Law & Order

Dennis Farina, Law & Order
Photo: Law and Order: Jessica Burstein

NBC’s Law & Order is in its 15th year and is ye old reliable of crime shows. This season introduces a new detective, played by that other old reliable, Dennis Farina, replacing the other old reliable, Jerry Orbach. Orbach (who’ll head up a third L&O spin-off, Law & Order: Trial by Jury) will be missed. His rumpled Lennie Briscoe was the most genuine of detectives.

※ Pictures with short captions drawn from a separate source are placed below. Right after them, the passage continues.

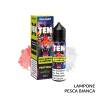 PESCA BIANCA & LAMPONE PREMIX TEN X FLAVOURART - Mix 'n vape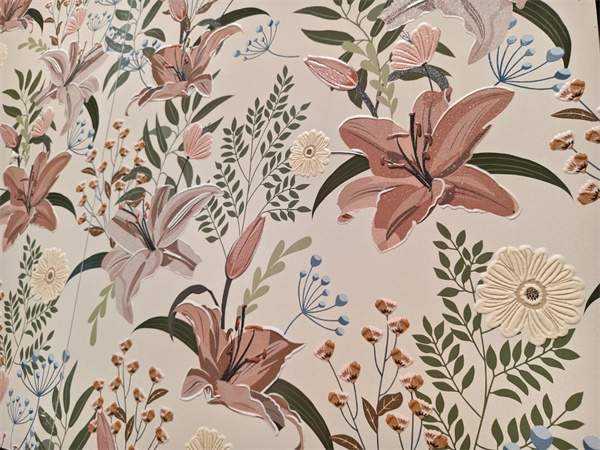 马可波罗、冠珠、萨米特...近40家瓷砖/岩板品牌参展2024广州设计周(图37)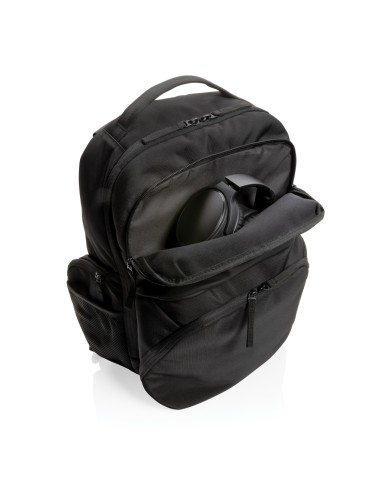 Zaino porta PC 15,6" Swiss Peak AWARE RPET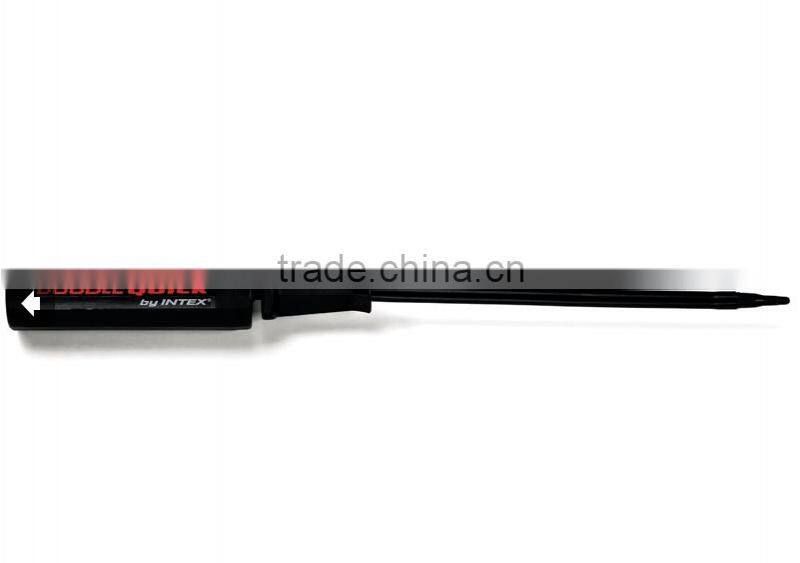 Intex Color Whirl Inflatable River Tube - 47 inch Pool, Water, Snow Tube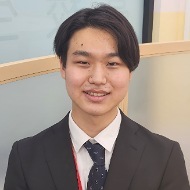 寒河江道也先生(サガエ ミチヤ)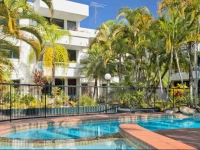 Headland Gardens Holiday Apartments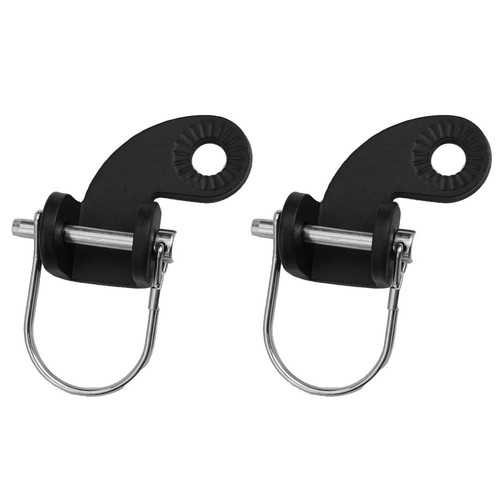 Bike trailer hitch - bike,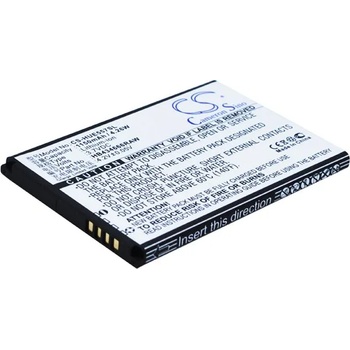 Compatible Батерия за рутер - бисквитка Huawei E5573 HB434666RAW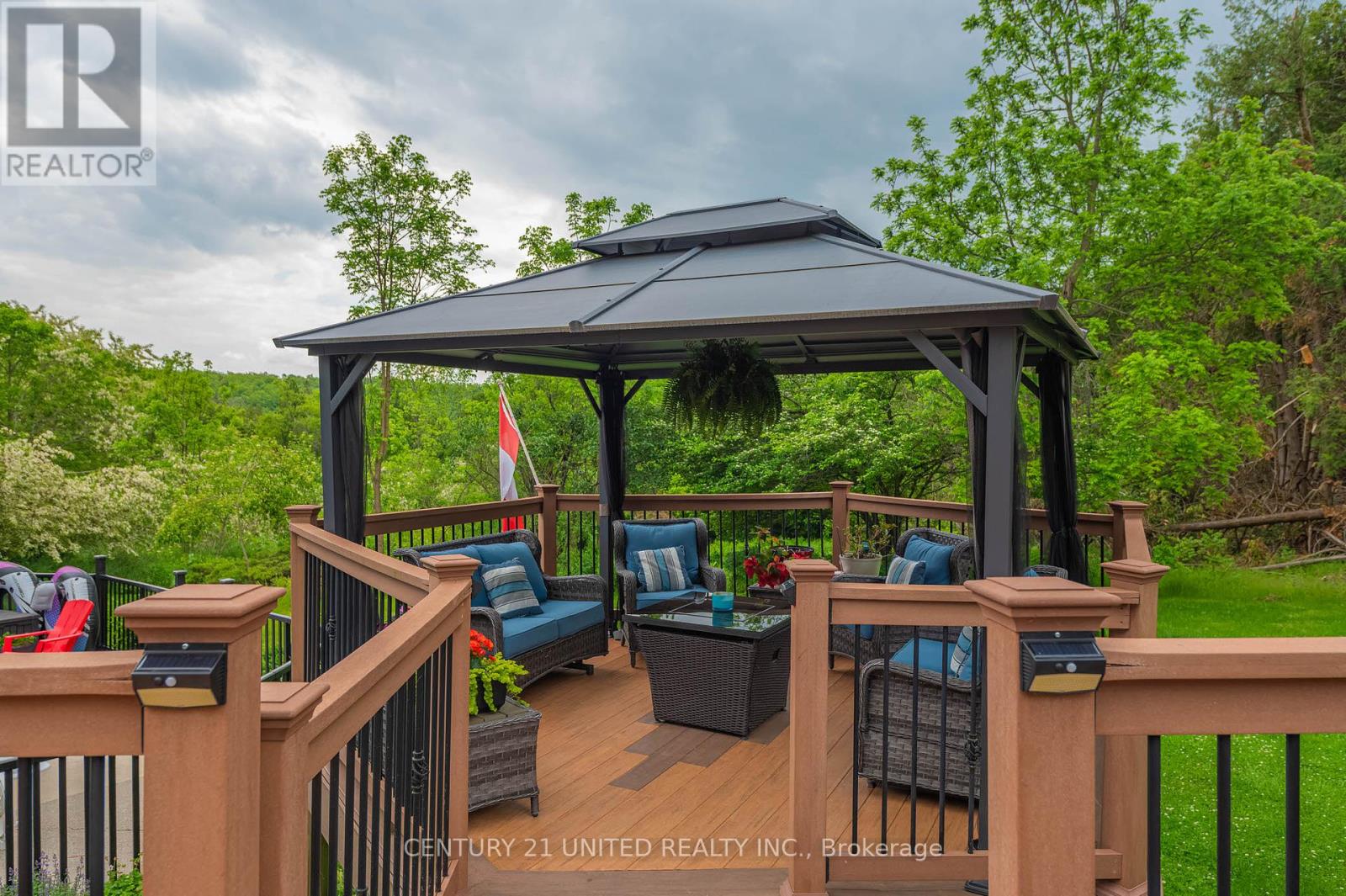 1487 Stewart Line, Cavan Monaghan (Cavan Twp), Ontario  L0A 1C0 - Photo 26 - X12227698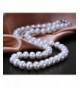 Women's Pearl Strand Necklaces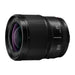 EAN 5025232921010 - Panasonic LUMIX S 24 mm F1.8 MILC / SLR Objetivo ancho Negro imagen 4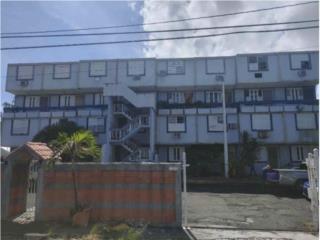 Puerto Rico - Bienes Raices VentaAPARTAMENTO, 2 CUARTOS 1-1/2 BAO PRIMER PISO Puerto Rico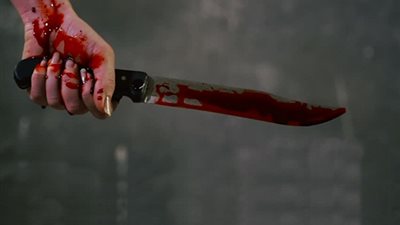 مشاجرة تتطور لذبح عامل وحبس 5 آخرين بحلوان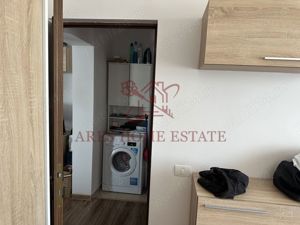 Apartament modern cu 2 camere și balcon în Giroc - 82,000 € - imagine 2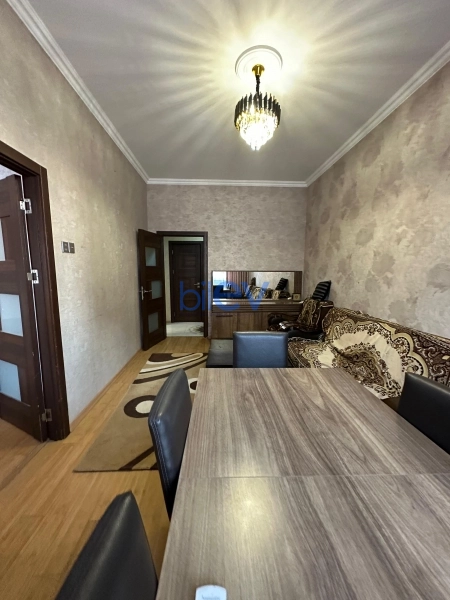 Satış 2 otaqlı Yeni Tikili bina evi  98500m², Xırdalan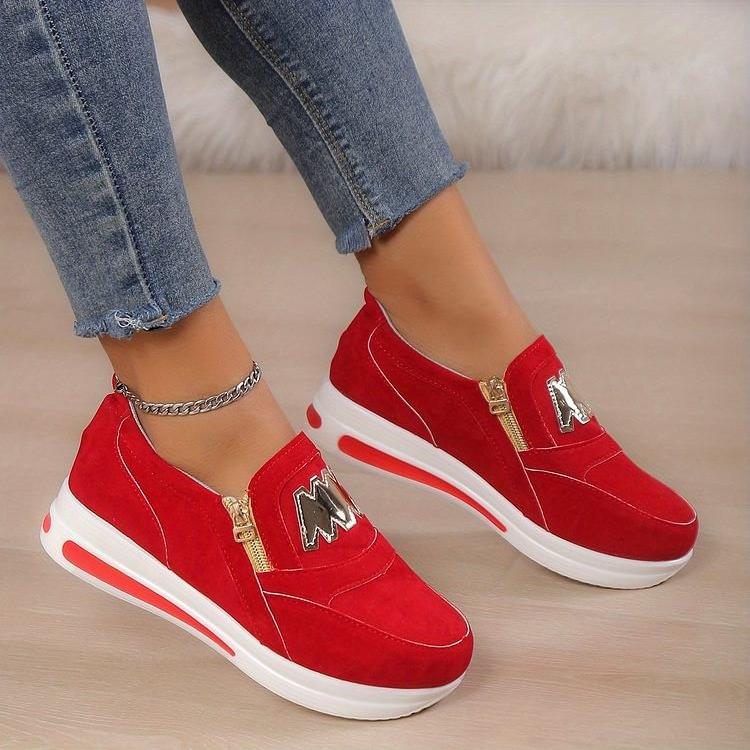 Chaussures Orthopédiques Modernes - Confort - Élégance-Chaussures-PARIS FEMME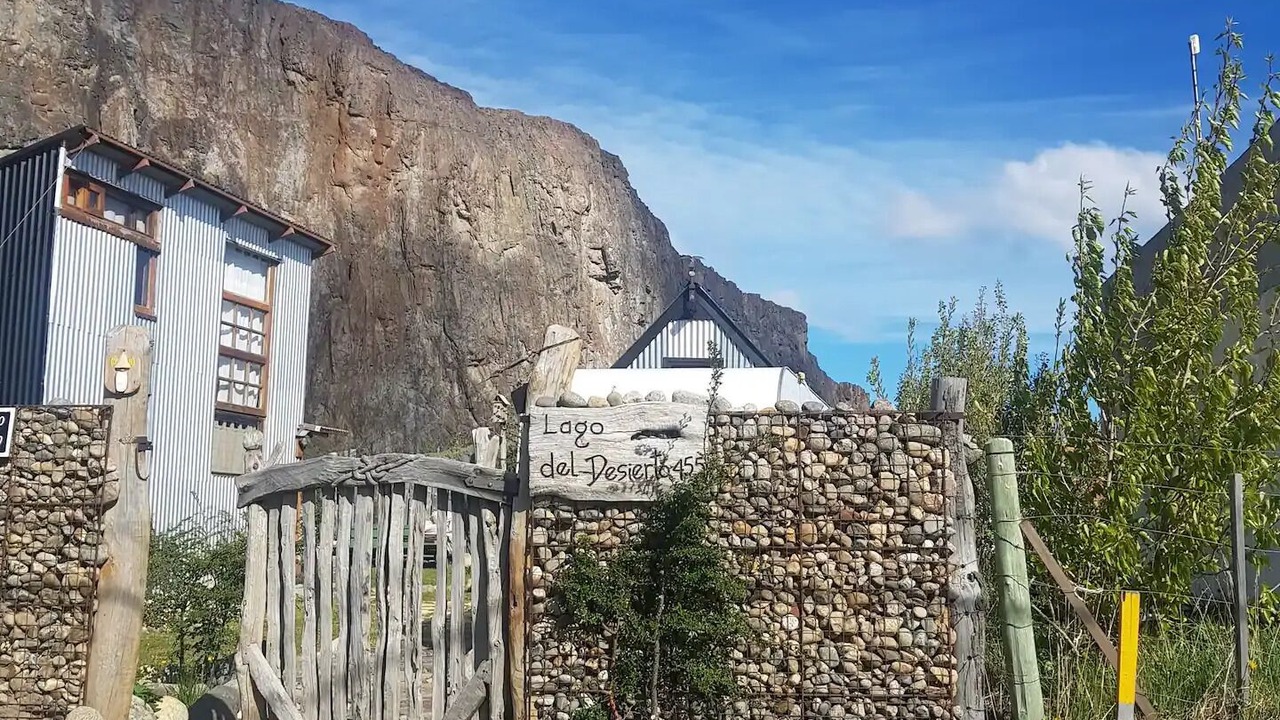 Photo of Outdoor in El Chalten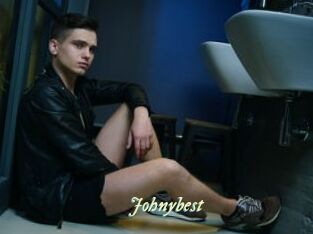 Johny_best Année du sexe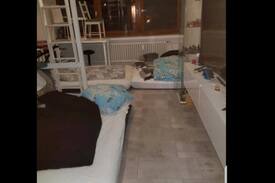 Kalk Apartment | Köln Zentrum Kalk mehrbett Wohnung Arcaden, Messe
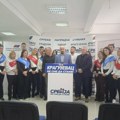 ПОЧЕЛО ПРЕЛЕТАЊЕ: Двојица кандидата са листе 300 Крагујевчана прешла у СНС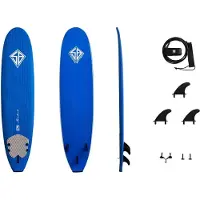 CBC Scott Burke 8´0´´ Surfplank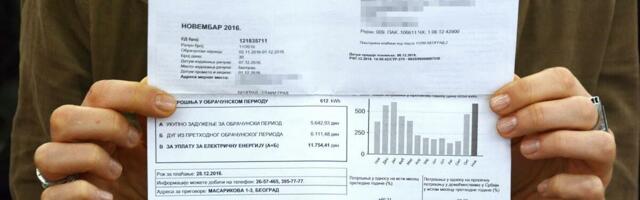 Promenjena lista energetski ugroženih kupaca: Sada više porodica u Srbiji stiče pravo na olakšice prilikom plaćanja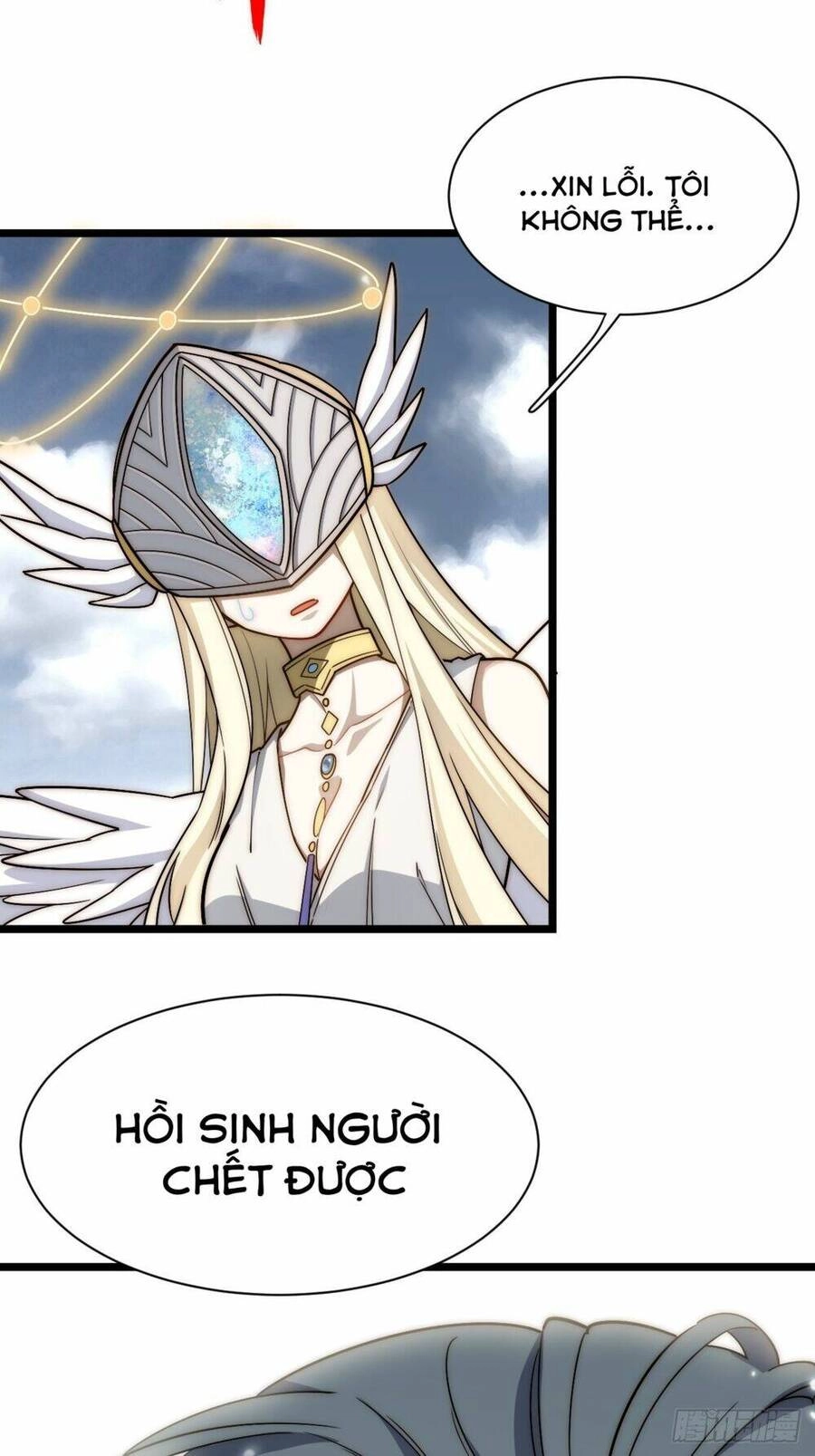 Khô Cốt Hiệp Sĩ Chapter 157 - 57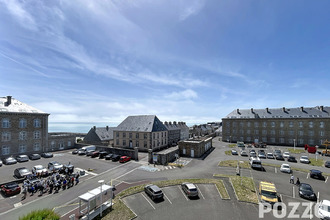  appartement granville 50400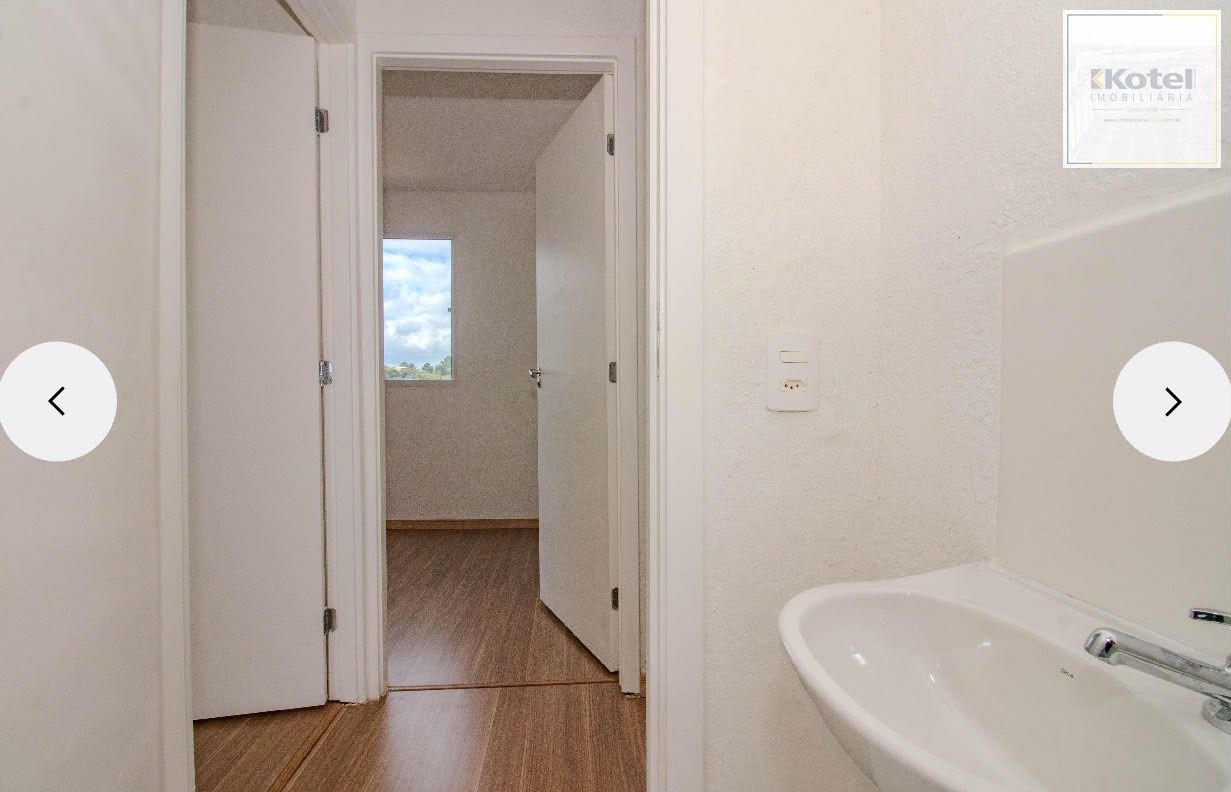 Apartamento 2 quartos 1 vaga Zona Norte na Avenida Protásio Alves Porto Alegre — foto 3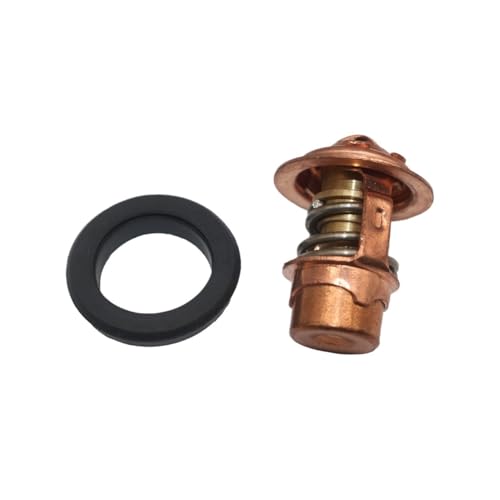 Thermostat 122°F anti surchauffe moteur hors-bord 4 temps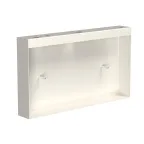 Кронштейн BS-K-28 White | a21807 | Белый свет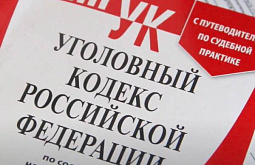 В Иркутске руководителя стройфирмы будут судить за взятку  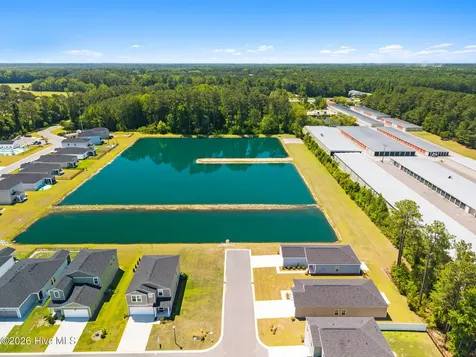 558 Ladyfish Loop NW Sunset Beach NC 28468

In a way, Farina’s Joe Fontana is the anti-Briscoe — the guy has a cock-of-the-walk manner and clothes to match — and he’s a nice punch to the series.

Otherwise, it’s business as usual: Detective Green (Jesse L. Martin) is still calm and cool; Jack McCoy (Sam Waterston) is still indignant; that wry, redheaded coroner (Leslie Hendrix) is still, after 13 years, speaking about three lines an episode; and Serena Southerlyn is, courtesy of Elisabeth Rohm, still pretty wooden. (The actress is leaving midseason; may we suggest Nip/Tuck‘s wonderfully bitchy sexaholic Jessalyn Gilsig as a replacement?)

Still humming along, L&O has become the ultimate comfort show: Every week it offers a new crime cut, dried, and shelved, making the series a handy, self-contained alternative to all the serial dramas with their demanding mythologies. Guest stars like Ron Silver and Candice Bergen are so familiar they hardly register as stunt casting. L&O even goes so far as to spell out both sides of any issue — the war in Iraq or the nasty economics of drug companies — in bite-size parcels, so you don’t have to think too hard.